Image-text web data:

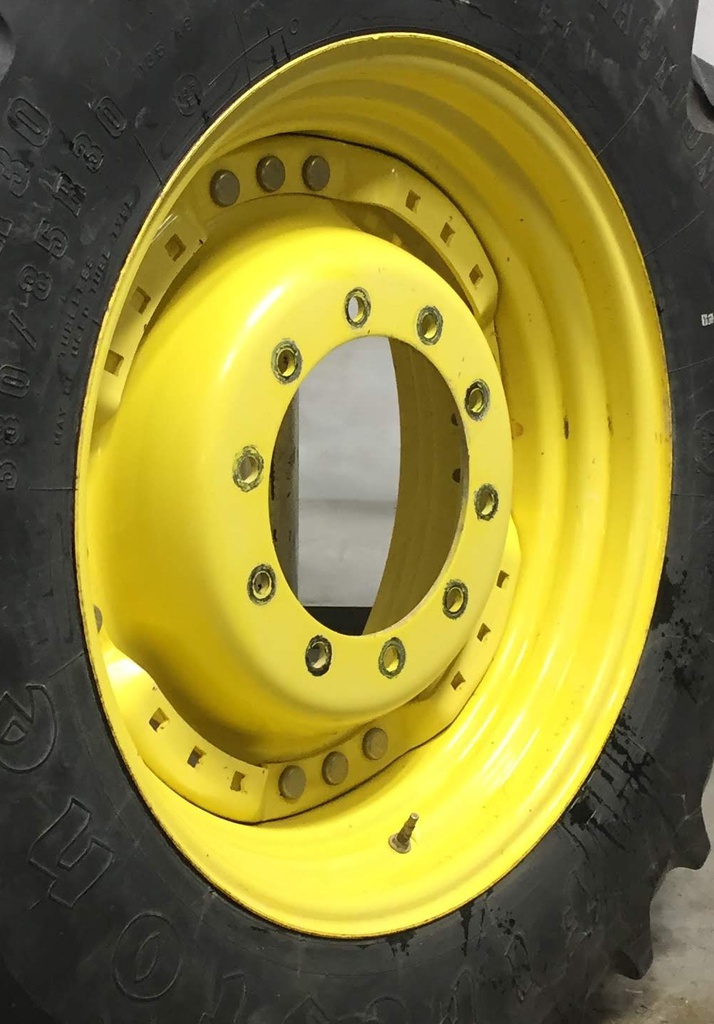 13"W x 30"D, John Deere Yellow 12-Hole Waffle Wheel (Groups of 3 bolts)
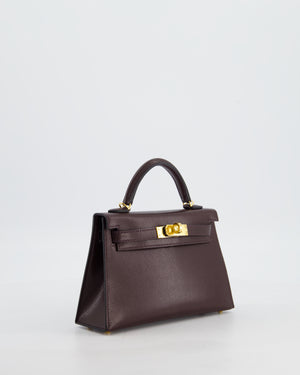 *SUPER HOT* Hermès Mini Kelly II 20 Bag In Rouge Sellier Chèvre Chamkila Leather with Gold Hardware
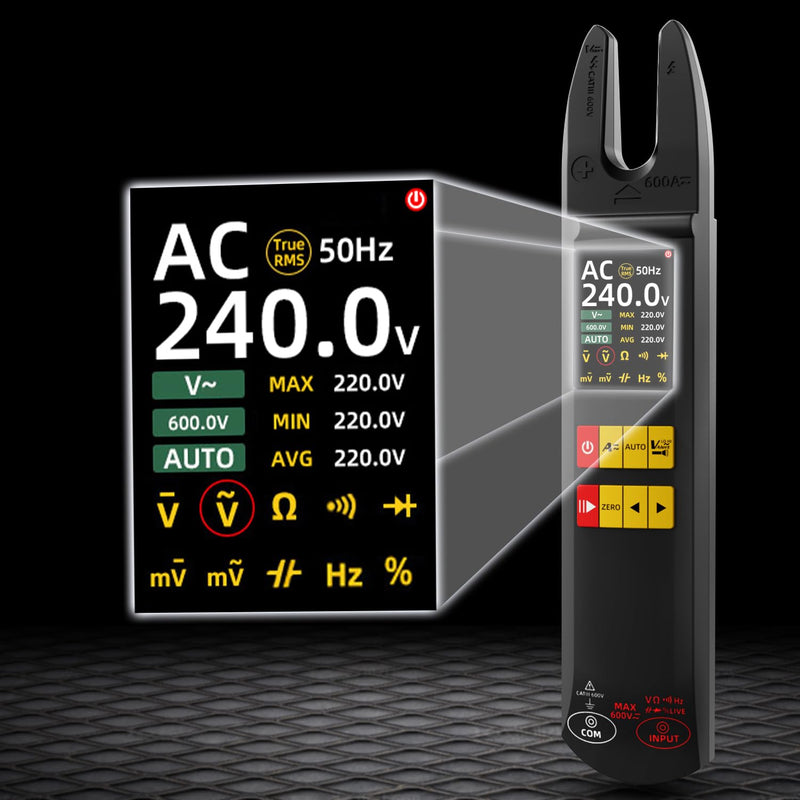 BSIDE Digital Clamp Meter 6000 Counts Multimeter 600A Open Jaw Meter Auto-Ranging Voltmeter Measuring AC/DC Current &Voltage Capacitance Resistance Diode Continuity NCV/Live Wire with Hold Max/Min/Ave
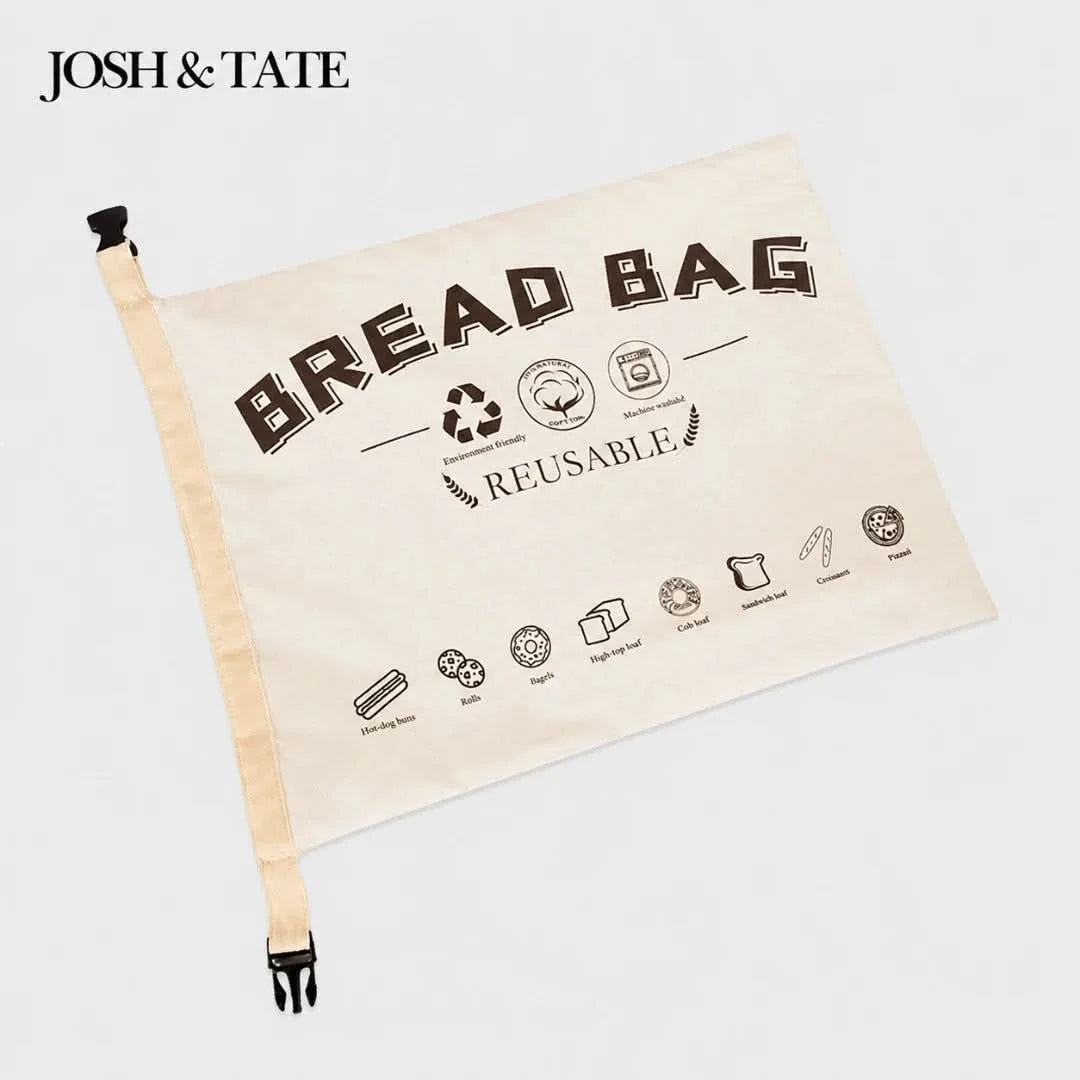 Reusable Cotton Bread Storage Bag with Clip Closure, Washable, Beige and White, Durable, Fresh Bread Storage for the Kitchen | Sansoti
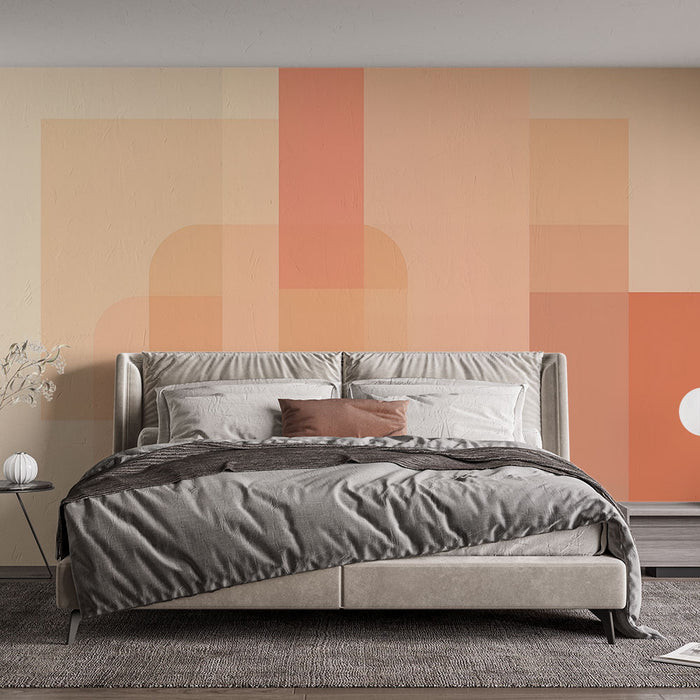 Papier peint géométrique | Tons Pastel orangés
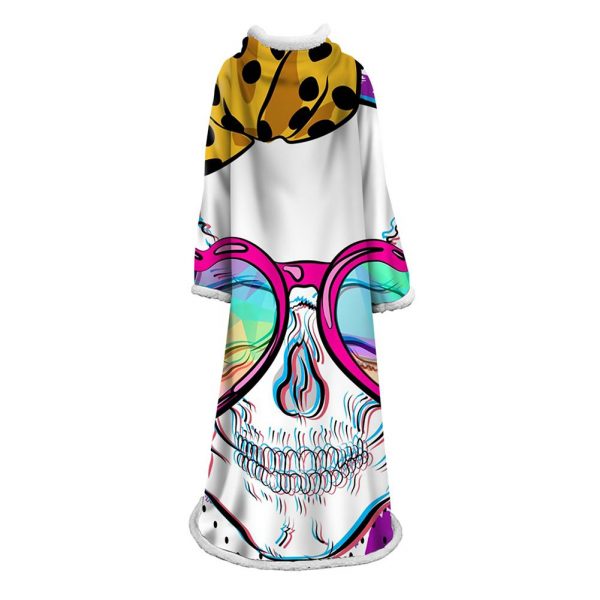 3D Digital Printed Skull Blanket With Sleeves-Horror Blanket Robe
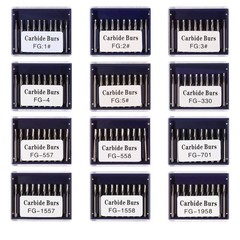 Dental Carbide Burs Round Bur Drill FG 330 1 2 6 8 557 High Speed Friction Grip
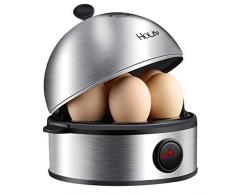 Eierkocher, Holife Edelstahl Eierkocher 7 Eier Testsieger mit Automatische Abschaltung Eierkocher mit 2 gedämpfte Eier/Härtegradeinstellung/Überhitzungsschutz/Messbecher mit Eipick, BPA-frei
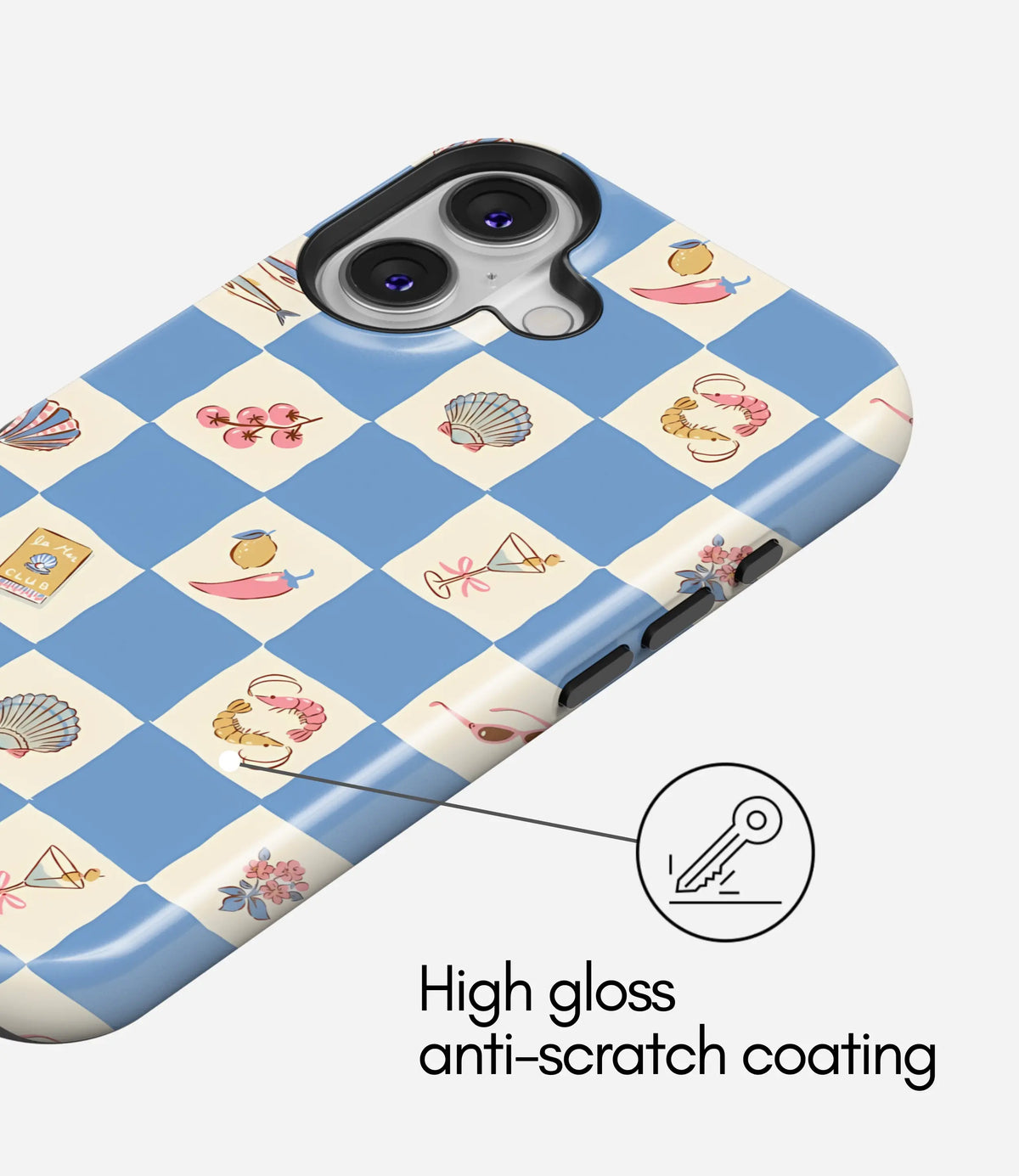 Coastal Gingham Club Premium Tough Shining Phone Case (Double Layer) Available For All iPhone Models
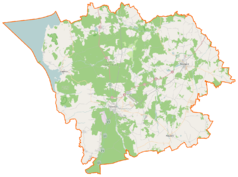 Mapa konturowa powiatu goleniowskiego, blisko centrum u góry znajduje się punkt z opisem „Budzieszewice”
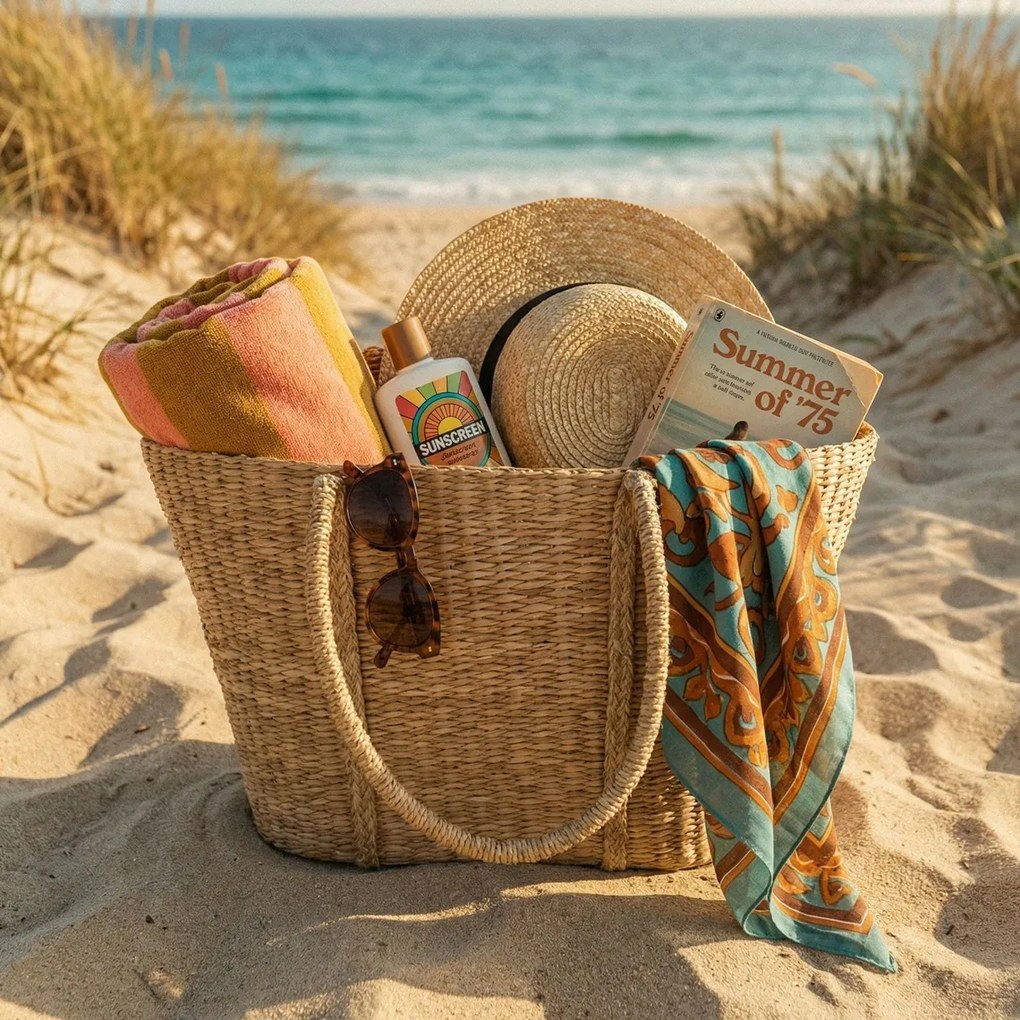 Tengeri fűből készült strandkosár 57 x 14 x 30 cm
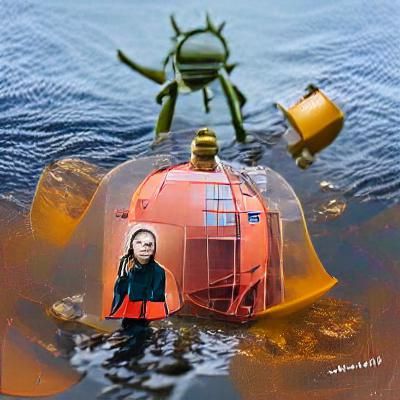 Submersible Trapped in Discarded Containers: AI Image
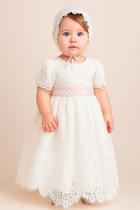 Vestido Batizado Mandrião Renda Branco Touca Bebê Papilloo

— Work instruction —
Return the lines exactly, from the one containing "Mapa konturowa powiatu" through the last line above, including both ends and excluding every picture.

— Written answer —
 Mapa konturowa powiatu goleniowskiego, blisko centrum u góry znajduje się punkt z opisem „Budzieszewice”
 Tengeri fűből készült strandkosár 57 x 14 x 30 cm
 Submersible Trapped in Discarded Containers: AI Image
 Vestido Batizado Mandrião Renda Branco Touca Bebê Papilloo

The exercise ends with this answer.